╭─ Material for this task

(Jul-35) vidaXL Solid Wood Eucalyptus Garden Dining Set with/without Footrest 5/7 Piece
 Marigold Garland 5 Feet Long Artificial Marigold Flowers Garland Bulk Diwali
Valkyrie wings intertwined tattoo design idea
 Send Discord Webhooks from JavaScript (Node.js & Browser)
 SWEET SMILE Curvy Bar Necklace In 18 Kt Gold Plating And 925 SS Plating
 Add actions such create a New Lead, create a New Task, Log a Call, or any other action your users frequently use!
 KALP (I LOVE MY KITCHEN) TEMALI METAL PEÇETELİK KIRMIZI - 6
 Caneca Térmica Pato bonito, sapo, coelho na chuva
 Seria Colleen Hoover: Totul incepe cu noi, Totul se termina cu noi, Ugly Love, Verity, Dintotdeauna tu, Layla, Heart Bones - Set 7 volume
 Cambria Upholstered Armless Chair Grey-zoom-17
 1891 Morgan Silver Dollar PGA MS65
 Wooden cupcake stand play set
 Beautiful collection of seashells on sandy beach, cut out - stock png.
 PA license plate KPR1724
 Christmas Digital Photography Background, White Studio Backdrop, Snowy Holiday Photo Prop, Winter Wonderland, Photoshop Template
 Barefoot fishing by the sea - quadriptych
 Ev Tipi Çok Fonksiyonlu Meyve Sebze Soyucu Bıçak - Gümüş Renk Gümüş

╰─

■ **Required action**: Write each entry out again, exactly as it reads above.

■ **Answer to this exercise**:
(Jul-35) vidaXL Solid Wood Eucalyptus Garden Dining Set with/without Footrest 5/7 Piece
 Marigold Garland 5 Feet Long Artificial Marigold Flowers Garland Bulk Diwali
Valkyrie wings intertwined tattoo design idea
 Send Discord Webhooks from JavaScript (Node.js & Browser)
 SWEET SMILE Curvy Bar Necklace In 18 Kt Gold Plating And 925 SS Plating
 Add actions such create a New Lead, create a New Task, Log a Call, or any other action your users frequently use!
 KALP (I LOVE MY KITCHEN) TEMALI METAL PEÇETELİK KIRMIZI - 6
 Caneca Térmica Pato bonito, sapo, coelho na chuva
 Seria Colleen Hoover: Totul incepe cu noi, Totul se termina cu noi, Ugly Love, Verity, Dintotdeauna tu, Layla, Heart Bones - Set 7 volume
 Cambria Upholstered Armless Chair Grey-zoom-17
 1891 Morgan Silver Dollar PGA MS65
 Wooden cupcake stand play set
 Beautiful collection of seashells on sandy beach, cut out - stock png.
 PA license plate KPR1724
 Christmas Digital Photography Background, White Studio Backdrop, Snowy Holiday Photo Prop, Winter Wonderland, Photoshop Template
 Barefoot fishing by the sea - quadriptych
 Ev Tipi Çok Fonksiyonlu Meyve Sebze Soyucu Bıçak - Gümüş Renk Gümüş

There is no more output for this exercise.